The checkpoints were to verify whether the developed system can run continuously at 10 tons/hour or higher capacity and whether it can process even coal particles of 10 mm or smaller which is known as the limit of the commercial dry coal preparation technologies around the world (existing dry coal preparation technologies had the limitation that they are efficient for larger than 20mm coal particles).

In the actual demonstration, the system continuously processed 10 mm or smaller low-grade bituminous coal from Mongol (52% ashes, calorie about 3,500kcal/kg) at 10 tons/hour, achieving 85% of combustible matter recovery and 86% of ash removal rate. It successfully produced high-grade coal with the ash content of 14.6% and the calorie of 6,900kcal/kg.

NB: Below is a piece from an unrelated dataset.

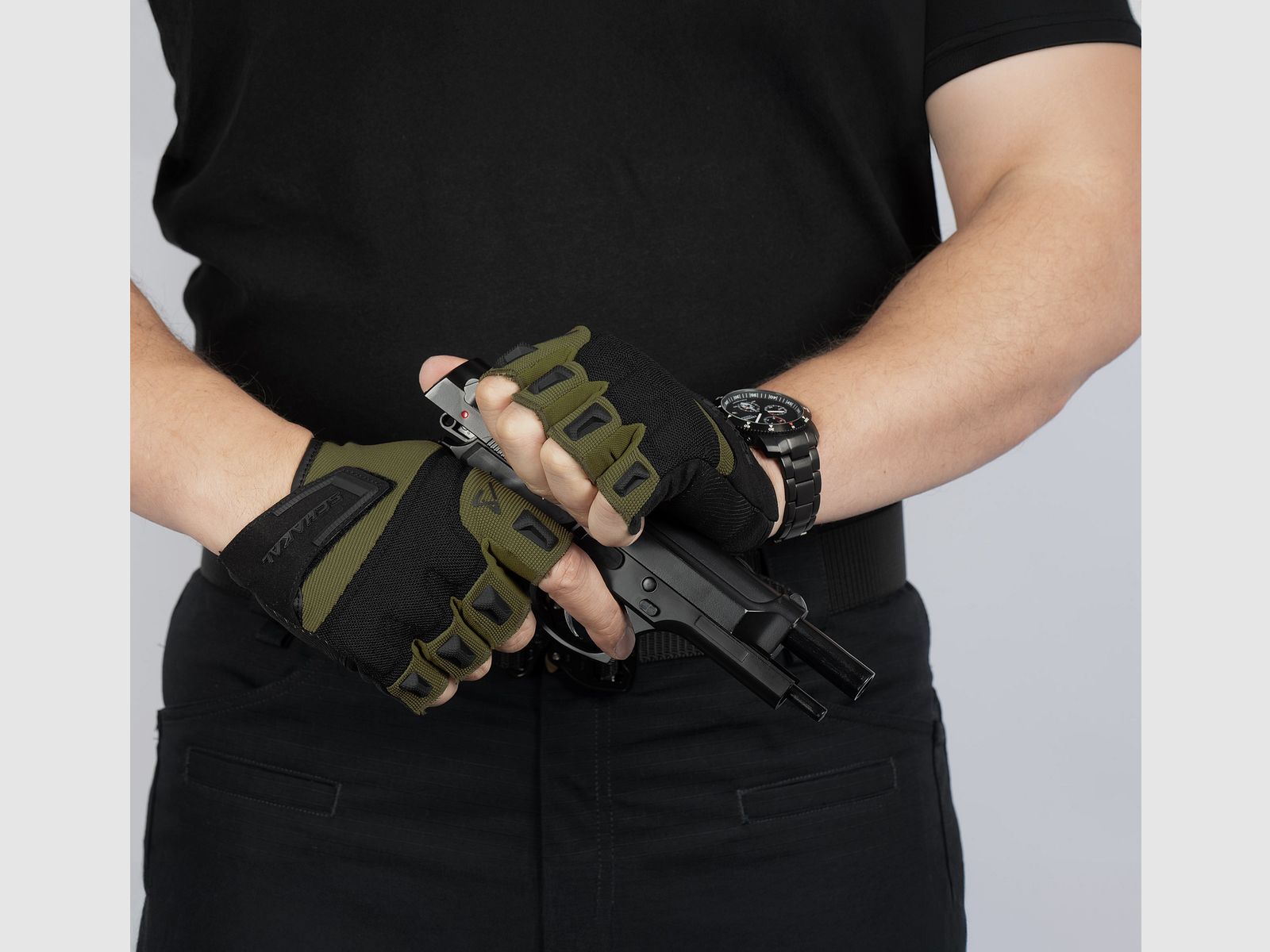 Rękawiczki taktyczne ACE Schakal Outdoor kolor Oliwkowy bezpalcowe, zdjęcie 4 z 11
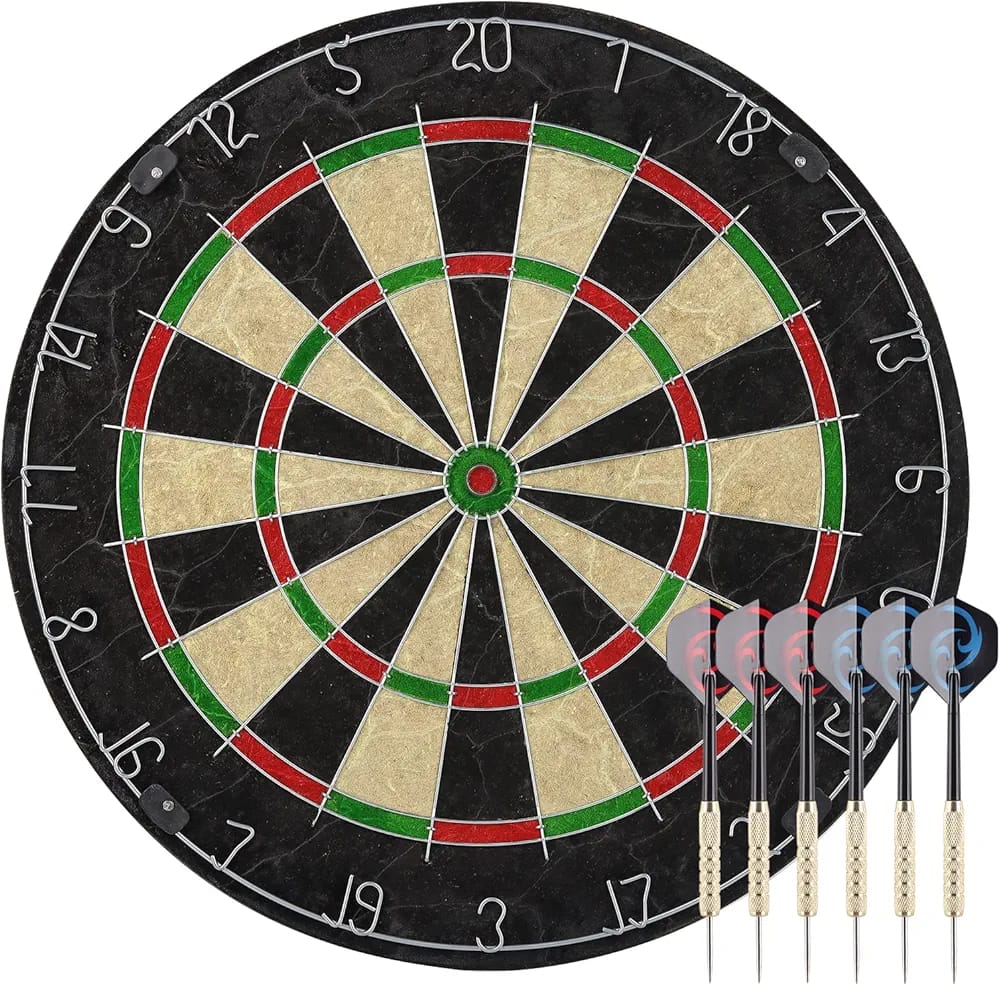 BRISTLE SISAL DARTBOARD BRISTLE SISAL DARTBOARD  MADE FROM HIGH-QUALITY COMPRESSED SISAL FIBERS FOR DURABILITY SELF-HEALING SURFACE – HOLES CLOSE AFTER DARTS ARE REMOVED DESIGNED FOR USE WITH STEEL-TI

Furthermore, the system could sort out domestic low-grade anthracites (ashes 53%, calorie about 3,200kcal/kg, no value due to low calorie) at 67% combustible matter recovery and 80% ash removal rate, preparing them into thermal coal resources with the ash content of 25.6% and the calorie of 5,500kcal/kg.

 

In particular, at this demonstration and technical briefing, KIGAM and the Mine Reclamation Corporation jointly held a meeting for domestic and international coal industry end-user partnership networking session in which more than 20 government officials from major coal-producing Asian countries such as Indonesia, India, Malaysia, Myanmar, and Vietnam as well as people from domestic and international coal industries participated.

 

In order to complete this high efficient dry coal preparation technology as a competitive technology in the global market and utilize the cheap low-grade coal (bituminous coal/lignite) in energy crises, we need to achieve technology commercialization for at least 50 tons/hour per unit system.